ASEAN Economic Community: Facilitating Exploitation
Written by Dae-Han Song (chief editor, World Current Report)
As rising wages force China to shift from low-cost manufacturing, Southeast Asia is emerging as a center of production in the global supply chain. In 2007, to create a more competitive unit of production, Southeast Asian countries signed the ASEAN Economic Community Blueprint 2015 which deregulates, removes tariff and non-tariff barriers, and allows the free flow of capital in the region. 8 years later, the AEC managed to complete 93% of its high priority measures. This June, it announced its post 2015 plan – the ASEAN Economic Community Blueprint 2025 (AEC) – which will be finalized at the end of the year and will allow even freer flow of capital, goods, services and deregulation. Not only does it fail to include concrete provisions that help local economies, but it is also being drafted in consultation with corporations but not with the public or civil society.
Unlike previous Third World political alliances such as the Non-Aligned Movement, the purpose of the ASEAN Economic Community is not harnessing the collective power of weaker states in confronting larger ones. Rather, it is “to better serve” them. [1] That’s because ASEAN does not act as a bloc in multilateral agreements such as the WTO or the Climate Change negotiations or on security issues such as the South China Seas. Instead, its integration turns the region into a single production market to facilitate the exploitation of its natural resources and labor by foreign direct investment. In the process, it perpetuates ASEAN’s great dependence on foreign direct investment (FDI) and exports for its development. [2] Thus, in addition to removing intra-ASEAN tariffs, its policies also incorporate many of the elements in the Trans Pacific Partnership Agreement such as investor state dispute settlement system (ISDS), freer capital mobility, and regulatory coherence. This corporate-centered development is reflected in ASEAN’s close consultation with business but not with civil society.
In response, in 2005, civil society across the region came together in the ASEAN People’s Forum: a parallel event where the region’s civil society gather, discuss, and draft submissions on regional integration to the ASEAN. Their vision is people centered and ecologically sustainable protecting people’s economies, the environment, and upholding human and labor rights. Just like new pro-corporate regional rules and regulations can be created to influence and intervene in national ones, so can regional regulations that protect small and medium enterprises, migrant workers, labor unions, and farmers, and provide minimum wages and working conditions. ASEAN’s civil society is not yet unified in a single vision of regional integration. They are, however, unified in their demand of greater participation by the public and civil society. [3] Despite their various submissions starting 2005, the ASEAN has yet to adopt any of them.

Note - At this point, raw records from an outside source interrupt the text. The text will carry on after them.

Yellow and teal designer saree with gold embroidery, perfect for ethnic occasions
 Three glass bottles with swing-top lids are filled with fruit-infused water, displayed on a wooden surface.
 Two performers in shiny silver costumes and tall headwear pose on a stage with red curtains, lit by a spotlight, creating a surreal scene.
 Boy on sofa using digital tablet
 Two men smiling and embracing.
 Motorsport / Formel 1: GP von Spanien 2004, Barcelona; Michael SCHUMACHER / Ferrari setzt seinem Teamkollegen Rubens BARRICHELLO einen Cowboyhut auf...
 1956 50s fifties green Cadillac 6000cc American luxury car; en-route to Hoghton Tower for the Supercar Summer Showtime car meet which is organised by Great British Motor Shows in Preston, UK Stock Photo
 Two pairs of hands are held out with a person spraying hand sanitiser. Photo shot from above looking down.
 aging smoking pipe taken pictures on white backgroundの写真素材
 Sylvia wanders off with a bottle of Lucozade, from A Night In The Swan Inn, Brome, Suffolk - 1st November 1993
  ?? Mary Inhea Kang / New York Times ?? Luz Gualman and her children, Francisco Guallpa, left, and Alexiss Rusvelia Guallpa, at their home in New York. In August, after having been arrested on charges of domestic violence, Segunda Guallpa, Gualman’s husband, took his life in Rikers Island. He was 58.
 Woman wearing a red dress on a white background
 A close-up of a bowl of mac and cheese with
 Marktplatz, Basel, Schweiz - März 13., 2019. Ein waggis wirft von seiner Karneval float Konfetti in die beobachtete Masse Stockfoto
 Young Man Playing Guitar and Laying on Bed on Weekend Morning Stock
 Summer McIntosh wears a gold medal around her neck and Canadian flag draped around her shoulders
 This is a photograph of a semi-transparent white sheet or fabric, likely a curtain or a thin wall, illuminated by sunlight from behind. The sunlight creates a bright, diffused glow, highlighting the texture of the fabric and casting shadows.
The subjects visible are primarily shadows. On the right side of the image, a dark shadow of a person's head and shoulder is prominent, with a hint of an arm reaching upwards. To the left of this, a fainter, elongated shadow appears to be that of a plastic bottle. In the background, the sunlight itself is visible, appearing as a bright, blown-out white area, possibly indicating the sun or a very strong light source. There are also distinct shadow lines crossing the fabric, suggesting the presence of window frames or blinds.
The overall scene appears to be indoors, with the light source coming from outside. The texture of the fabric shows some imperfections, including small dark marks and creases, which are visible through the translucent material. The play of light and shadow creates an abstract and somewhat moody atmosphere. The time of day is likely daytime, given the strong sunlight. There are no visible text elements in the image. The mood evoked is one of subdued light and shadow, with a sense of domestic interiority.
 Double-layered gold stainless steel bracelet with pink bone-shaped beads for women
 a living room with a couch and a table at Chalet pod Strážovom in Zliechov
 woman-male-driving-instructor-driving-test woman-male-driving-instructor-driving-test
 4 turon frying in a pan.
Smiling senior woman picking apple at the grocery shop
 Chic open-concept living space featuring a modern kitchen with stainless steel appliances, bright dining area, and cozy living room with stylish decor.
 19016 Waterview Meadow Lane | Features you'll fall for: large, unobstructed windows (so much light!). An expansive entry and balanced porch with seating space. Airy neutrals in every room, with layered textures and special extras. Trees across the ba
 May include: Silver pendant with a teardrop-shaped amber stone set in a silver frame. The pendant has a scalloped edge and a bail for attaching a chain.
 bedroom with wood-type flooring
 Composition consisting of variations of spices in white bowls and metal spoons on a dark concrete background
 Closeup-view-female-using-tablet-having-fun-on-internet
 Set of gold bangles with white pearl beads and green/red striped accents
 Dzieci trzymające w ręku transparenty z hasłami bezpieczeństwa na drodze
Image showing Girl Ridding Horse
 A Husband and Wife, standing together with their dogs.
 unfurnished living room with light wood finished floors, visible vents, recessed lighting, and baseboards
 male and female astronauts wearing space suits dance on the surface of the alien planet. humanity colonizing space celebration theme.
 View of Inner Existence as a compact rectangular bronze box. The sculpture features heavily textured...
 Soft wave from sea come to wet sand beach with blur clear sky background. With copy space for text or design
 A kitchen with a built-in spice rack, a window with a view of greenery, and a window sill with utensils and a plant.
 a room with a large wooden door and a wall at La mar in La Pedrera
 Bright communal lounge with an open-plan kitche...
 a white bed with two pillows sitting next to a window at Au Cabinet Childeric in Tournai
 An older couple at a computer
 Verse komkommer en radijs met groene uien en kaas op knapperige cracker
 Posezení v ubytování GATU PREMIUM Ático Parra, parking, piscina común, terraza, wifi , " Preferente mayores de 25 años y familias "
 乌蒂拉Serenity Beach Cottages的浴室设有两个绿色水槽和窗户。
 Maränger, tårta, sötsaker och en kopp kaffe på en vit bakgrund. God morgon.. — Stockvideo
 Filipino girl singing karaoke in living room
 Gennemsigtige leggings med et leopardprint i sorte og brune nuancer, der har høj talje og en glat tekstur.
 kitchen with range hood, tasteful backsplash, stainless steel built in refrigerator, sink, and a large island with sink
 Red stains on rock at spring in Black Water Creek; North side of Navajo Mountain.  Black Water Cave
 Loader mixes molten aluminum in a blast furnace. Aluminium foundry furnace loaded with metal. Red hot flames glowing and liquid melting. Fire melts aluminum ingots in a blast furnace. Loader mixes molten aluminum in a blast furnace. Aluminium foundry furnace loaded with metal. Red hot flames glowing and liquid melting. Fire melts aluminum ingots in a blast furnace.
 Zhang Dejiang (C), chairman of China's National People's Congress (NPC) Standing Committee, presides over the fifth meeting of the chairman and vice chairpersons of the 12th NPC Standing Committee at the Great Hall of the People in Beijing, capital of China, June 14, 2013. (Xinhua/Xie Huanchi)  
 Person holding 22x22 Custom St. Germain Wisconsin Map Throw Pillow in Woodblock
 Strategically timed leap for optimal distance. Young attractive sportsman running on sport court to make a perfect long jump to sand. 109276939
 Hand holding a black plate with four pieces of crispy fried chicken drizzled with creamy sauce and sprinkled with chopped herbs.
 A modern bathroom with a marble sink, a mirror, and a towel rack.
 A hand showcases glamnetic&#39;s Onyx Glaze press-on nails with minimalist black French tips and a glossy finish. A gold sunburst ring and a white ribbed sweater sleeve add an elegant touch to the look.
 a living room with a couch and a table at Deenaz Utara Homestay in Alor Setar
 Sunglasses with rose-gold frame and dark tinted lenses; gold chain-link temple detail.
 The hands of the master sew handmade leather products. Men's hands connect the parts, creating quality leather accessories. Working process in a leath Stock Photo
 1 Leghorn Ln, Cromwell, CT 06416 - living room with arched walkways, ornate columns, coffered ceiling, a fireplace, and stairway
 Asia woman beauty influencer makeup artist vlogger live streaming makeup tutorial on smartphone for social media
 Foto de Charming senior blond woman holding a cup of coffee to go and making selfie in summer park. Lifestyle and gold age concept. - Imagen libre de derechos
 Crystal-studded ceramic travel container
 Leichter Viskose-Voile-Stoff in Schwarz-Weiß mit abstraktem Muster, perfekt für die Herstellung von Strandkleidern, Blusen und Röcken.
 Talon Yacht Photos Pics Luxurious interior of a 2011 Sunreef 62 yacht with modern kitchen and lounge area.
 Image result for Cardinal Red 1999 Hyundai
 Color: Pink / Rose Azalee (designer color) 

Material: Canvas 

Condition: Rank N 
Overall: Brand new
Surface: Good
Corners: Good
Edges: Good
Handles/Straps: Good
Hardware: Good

As the global economy’s center of gravity shifts from the north to the south, Southeast Asia is projected to be one of its centers of production. Given such position in the global supply chain, what happens in Southeast Asia will not simply affect its people, but also the world’s workers, farmers, and fisher people. In addition, as developed countries further shift their environmentally greenhouse gas intensive sectors into developing countries, the centers of global production, such as the ASEAN region, will play an important role in global greenhouse gas emissions. The regional elites and their governments continue to value profits over the environment and people’s needs. Thus, it is left to civil society such as the ASEAN People’s Forum to build a regional movement to disrupt this corporate centered, profit driven regional integration and push to regulate environmental destruction, demand greater rights for migrant workers, fight for minimum wages, and human rights.